Is kickoff one word or two? The short answer is, it’s both. There’s also a hyphenated version kick-off meaning the start of something. Keep reading to learn the difference between kickoff, kick-off, and kick off!

Both are correct terms. Kickoff is an adjective and a noun, while kick off is the corresponding phrasal verb. The noun kickoff refers to the start of something, as in the kickoff of a holiday. The verb kick off means to start something.

What is the Difference Between Kickoff, Kick-Off, and Kick Off?

It can be spelled as one word or two depending on its use. Use kickoff or kick-off as a noun to refer to the start of something–for example:

  • The show’s kickoff will be at noon.
  • The show’s kick-off will be at noon.

The hyphenated word kick-off is a variant spelling of the closed compound noun, which is more common in British English.

Kick off is a phrasal verb that means to start something–for example:

  • The show will kick off at noon. 

When to Use Kickoff

Use it to refer to the start or beginning of something. The word is mostly used in sporting events. In American football, the noun can even mean the team kicking the ball toward the opponent. Here’s an example:

  • The team has been staggering ever since the kickoff.
  • The time of the kickoff for Real Madrid vs. Barcelona is not yet announced. 

But you can also use it in other contexts that do not include sports–for example:

In the kickoff to a thriller series for young adults, Julie Cross introduces time traveler Jackson Meyer. [Los Angeles Times]

Kick-off is also an adjective that describes a noun that comes first. It can be something in a sports event, meeting, seminar, etc. Check out these examples:

  • I’m throwing a kickoff party for his first game. 

Join us for a Zoom kickoff event today at 10 AM for an overview of editing Wikipedia and a chance to ask questions. [West Virginia University]

In the first example, kickoff modifies the word party. And in the second example, describes event.

The non-hyphenated spelling is famous in American English. Kickoff is the recommended spelling in the AP Stylebook. 

When to Use Kick-Off

The British spelling is kick-off meaning the start of something–for example:

  • My daughter can’t wait for the kick-off party.
  • This kick-off event is going to be game-changing.

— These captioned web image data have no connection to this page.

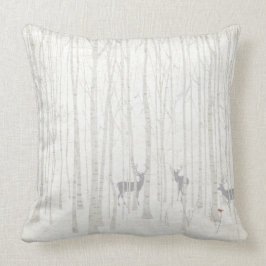 Almofada Cervos no travesseiro decorativo das madeiras de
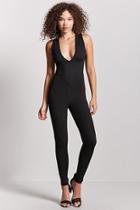 Forever21 Ribbed Knit Jumpsuit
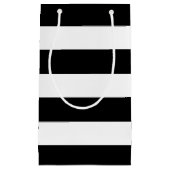 Black White Striped Modern Wedding Party Klein Cadeauzakje (Voorkant)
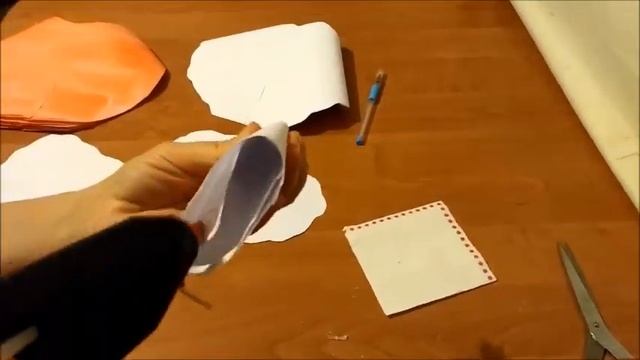 Объемная роза из листов А4 в школу на выставку / объемные цветы из бумаги для декора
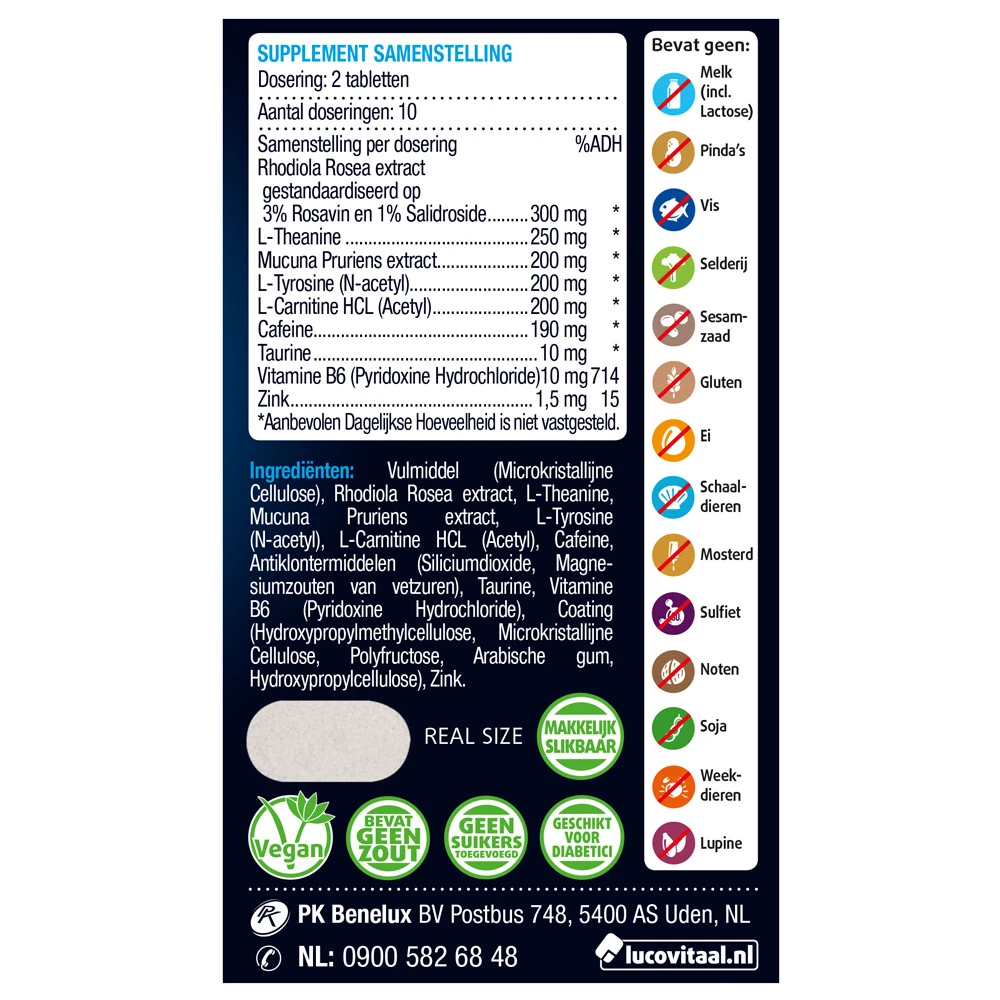 Lucovitaal Mentale Focus Pil 5 Lucovitaal Mentale Focus Pil - Afbeelding 3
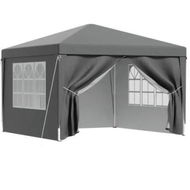 Detailed information about the product Instahut Gazebo 3x3 Pop Up Marquee Folding Tent Wedding Gazebos Camping Outdoor Shade Canopy Gray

It can also be an adjective to modify a noun–for example:

It represents the kick-off point for a much-improved business year that will see several other new and facelifted Peugeot models arrive. [Taranaki Daily News] 

When to Use Kick Off

Use the verb when there is an action to be taken. As you see, the separated two words, when combined, means to start something. It’s similar to the phrasal verbs follow up and pick up. You’ll read or hear the words in sporting events and shows–here are some examples of unhyphenated kickoff:

Things kick off with 2001’s MGS2, less a sequel than a postmodern meta-commentary on the game that preceded it. [Guardian]

City officials said as many as 10,000 people attended the event, which was meant to kick off a series of similar demonstrations across the country. [New York Times].

William and Kate kick off their royal tour in this tiny Central American country next week. [Daily Mail]

Other definitions for the verb kick off include:

  • To rid something from one’s body.
  • To remove or eliminate someone from a group.
  • To remove shoes by kicking one’s feet.
  • To disconnect from an online platform. 
  • To die. 

Is Kick Off an Idiom?

Yes. The verb phrase kick off can be an idiom because its meaning is not deducible from the words kick and off. Definitions for kickoff as an idiom can mean to start something. It can also mean to rid something.

Kickoff or Kick Off in Canada

Canadian English follows the American spelling kickoff when referring to the noun or adjective. But the verb form is still kick off like any other English-speaking country.

Summary of Kickoff, Kick-Off, and Kick Off

kickoff vs kick off vs kick off

Now you know the answer to the question, is the closed compound kickoff one word or two? The statistics for kickoff show the most commonly used term is with a space. But here’s a recap:

  • Use the hyphenated kick-off for the start of something in British spelling.
  • Use kickoff as a noun or an adjective in American and Canadian English.
  • Use kick off as a verb that means to start something.